Machine Learning: program that gets better at some tasks(functions) with experiences(data, examples)
Formalizing a task as a function learning task (f: board pos -> next move)
Human Annotation: human assigning scores

f: INPUT -> {choice1, choice2, …} : classification
f: INPUT -> Real : Regression
f: INPUT -> {0, 1} probability: Logistic Regression
f: INPUT -> P(INPUT) Probability Density Estimation
Binary Classification = Concept Learning = Learning a subset of $X$.

Lecture 2

Wed Jan 21 10:48:53 EST 2015

Input space: A set of features
Target Concept: The concept or function to be learned, denoted by $c$, a boolean-
valued function defined over the instances $X$; that is, $c$ : $X \rightarrow {0, 1}$
Training Examples: $D$
Hypothesis Conjunctions of literals. Eg $<?, Cold, High, ?, ?>$. We are looking for $h$ in the set of all possible hypothesis $H$ such that $\forall x, h(x) = c(x)$
$|X| \ll |H| \ll |C| = 2^x$, $|C|$ is the set of all possible functions (concept space)
X is input space, H is hypothesis space (each item + 1), C is concept space ($2^{|X|}$)

Lecture 3

$D={(x_1, c(x_1)), …}$ data
Each concept c_i is a bit vector.

Hypothesis consistency $Consistent(h, D) = \forall \in D, h(x) = c(x)$
Version space $VS_{H,D} = {h\in H| Consistent(h, D)}$

Find-S algorithm

hypo = <null, null, ...> # says NO to everything
# D is the data {(x1, c(x1)), (x2, c(x2)), ...}
# looking for target concept c in C
for positive_example in D:
    for attribute_constraint in hypo:
        if pos_example satisfied by attr_constraint: pass
        else: hypo := next more general constraint satisfied by attr_constraint
return hypo

Problems with Find-S

Fails when training data inconsistent
Picks a maximally specific $h$

List-Then-Eliminate

hypos = a list containing every hypothesis
for <x, c(x)> in D:
    remove h in hypos if h(x) != c(x)
return hypos

Lecture 4 Informaiton theory

Bias

Hard bias: eg. “Language bias” (conjunctions)
Soft bias: “ranking”, preference bias (prefer hypothesis that tends to say NO)

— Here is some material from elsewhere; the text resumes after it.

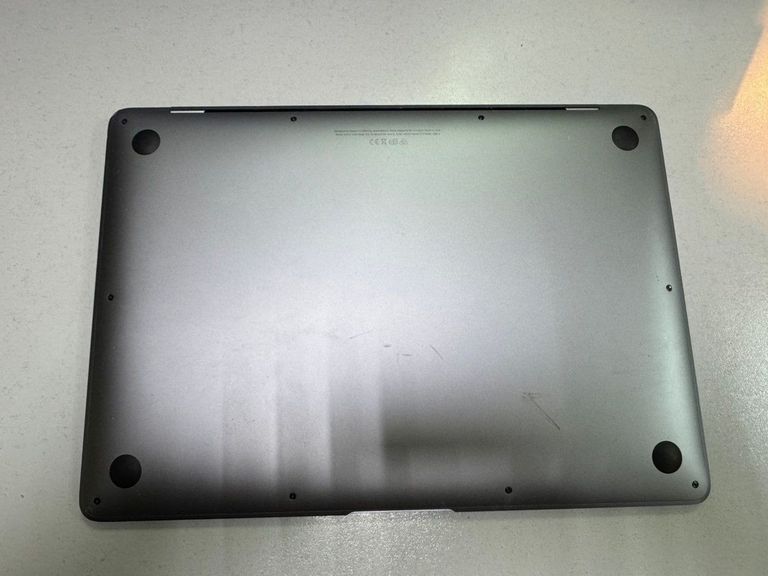 Apple a2337/m1 7-core gpu/ram8gb/ssd256gb/retina, truetone Код:01-200843870. Изображение 5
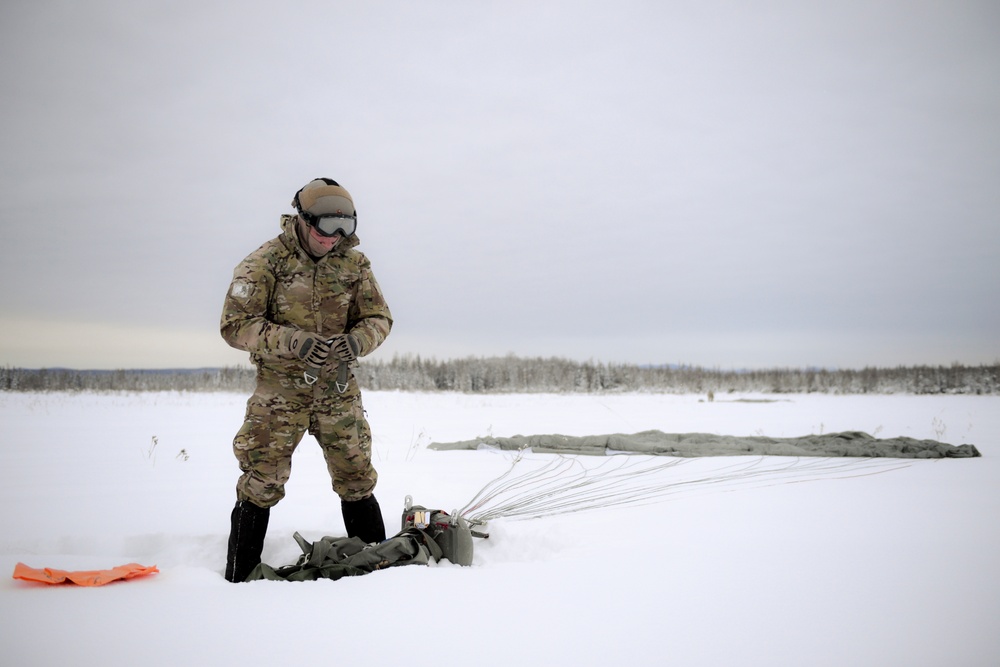 3rd Air Support Operations Squadron drops in for Arctic training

Information = Reduction in Uncertainty
Suprisal = information received when observing an outcome = $I(\text{sunny}) = log_2 \frac{1}{prob(\text{sunny})} \in [0, \infty)$
Information is additive:

Lecture 5

Suprise(Information learned) = $log2\frac{1}{p(e)}$, where $p(e)$ is subjective, int BITS.
Cross Entropy $\Sigma p_i I(s_i)$.
Fundamental Inequality
Distance $D{KL}(p||q) = E_p[log\frac{p(x)}{q(x)}]\ge 0$
A special case would be $p = q$, when we fully know the “truth”. $0\lte CH(p, p) \lte log k$, where $log k$ is fully uniform. 20 questions game.
Ask questions which answers you think are equally likely to be $0$ and $1$, so that you can learn the most information.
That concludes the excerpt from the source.